= Midrash Vayosha =

Midrash Vayosha (מדרש ויושע) is an 11th-century CE midrash, one of the smaller midrashim. It is based on Exodus 14:30-15:18. It is an exposition in the style of the later aggadah, and seems to have been intended for Shabbat Shirah or for the seventh day of Passover.

== Sources ==
Entire sections of Midrash Vayosha are taken verbatim from the Tanhuma, such as the passage on Exodus 15:3 and on 15:5. The story in the exposition of Exodus 14:30, concerning Satan, who appeared before Abraham and Isaac as they went to the sacrifice, may be compared with similar stories in several other works of midrash. The midrash on Exodus 15:2,7 also contains extracts from the Chronicle of Moses; the passage on Usa, the genius of Egypt, agreeing word for word with the excerpt in Yalkut Shimoni § 241. Here the first edition has merely "Midrash," while other editions give the Midrash Abkir as the source, although it is doubtful whether this aggadah ever occurred in that work.

==Contents==
The sections begin for the most part with the words ameru hachamim, although Joshua ben Levi and Samuel ben Nahman are occasionally given as the authors.

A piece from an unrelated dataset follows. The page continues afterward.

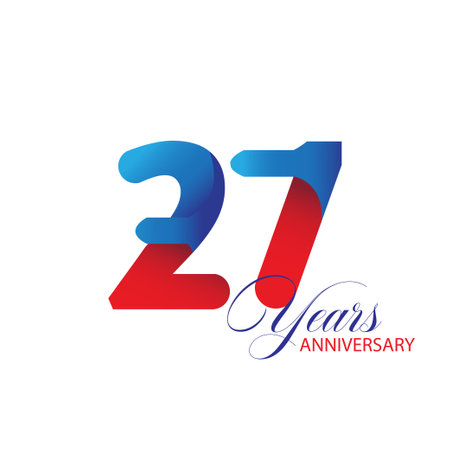 27 Year Anniversary celebration Vector Template Design Illustrationのイラスト素材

In the exposition of Exodus 15:18 on the sorrows and the redemption in the Messianic time, the terrible figure of Armilus is described. It is said that he will slay the Messiah son of Joseph, but will himself be slain by the Messiah who is the son of David; God will then gather together the scattered remnant of Israel and hold the final judgment. The wonderful beauty of a new world full of joy and happiness is revealed.